* [Try it]
Below is a listing to repeat exactly, with its pictures left out.

(Records for this exercise Opens)

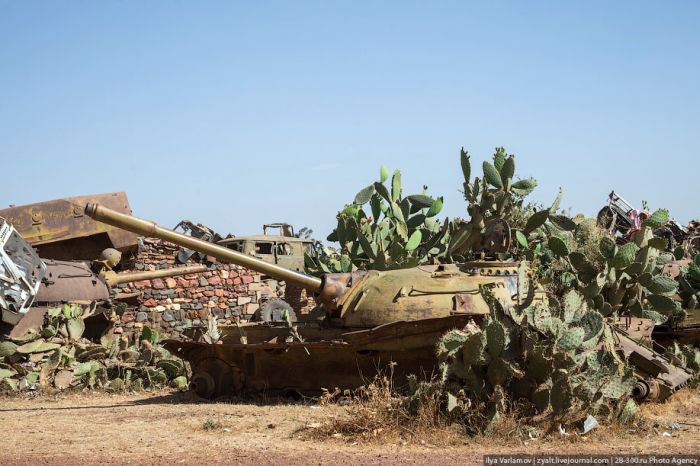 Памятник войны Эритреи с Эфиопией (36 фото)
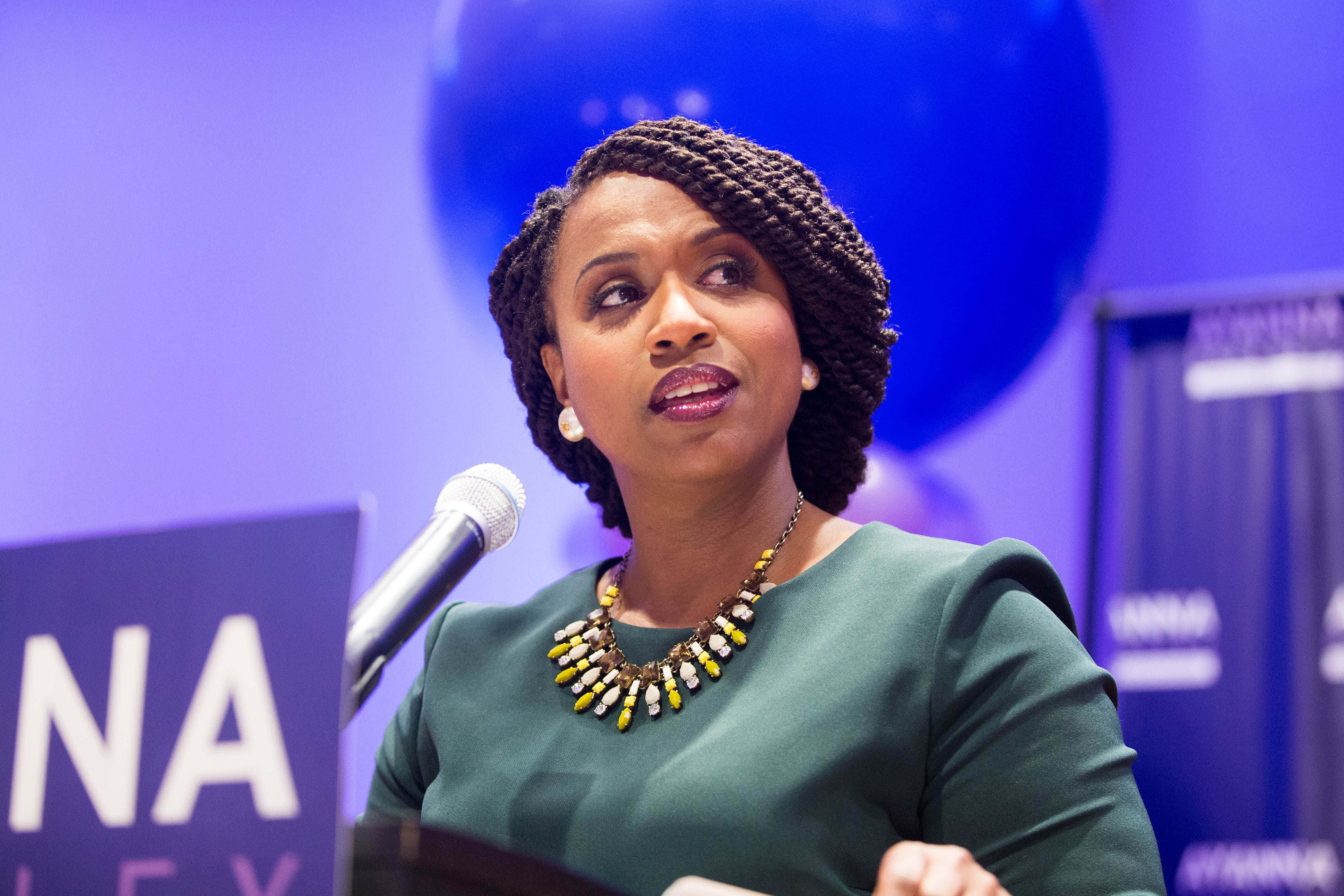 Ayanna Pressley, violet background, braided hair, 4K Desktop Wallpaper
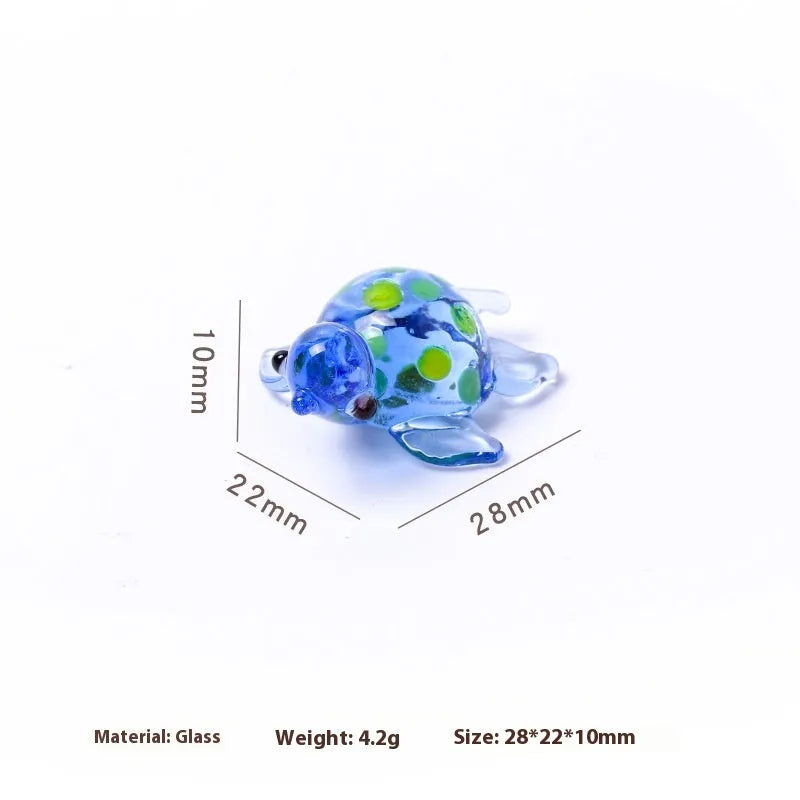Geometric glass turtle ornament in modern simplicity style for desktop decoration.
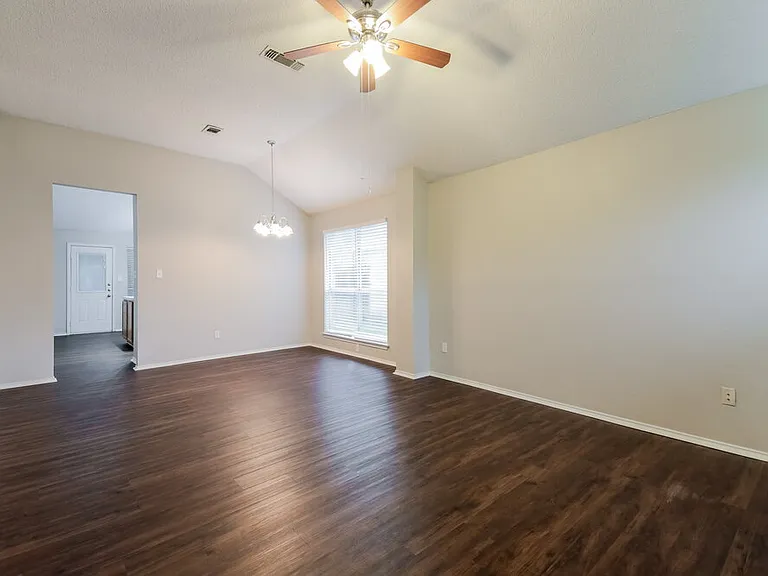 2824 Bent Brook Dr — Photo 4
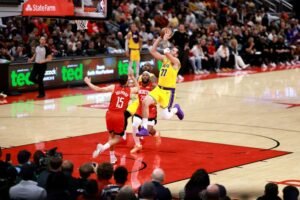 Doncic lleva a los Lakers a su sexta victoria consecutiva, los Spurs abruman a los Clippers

(Records for this exercise Closes)

* [Expected output]
 Памятник войны Эритреи с Эфиопией (36 фото)
 Ayanna Pressley, violet background, braided hair, 4K Desktop Wallpaper
Geometric glass turtle ornament in modern simplicity style for desktop decoration.
 2824 Bent Brook Dr — Photo 4
 Doncic lleva a los Lakers a su sexta victoria consecutiva, los Spurs abruman a los Clippers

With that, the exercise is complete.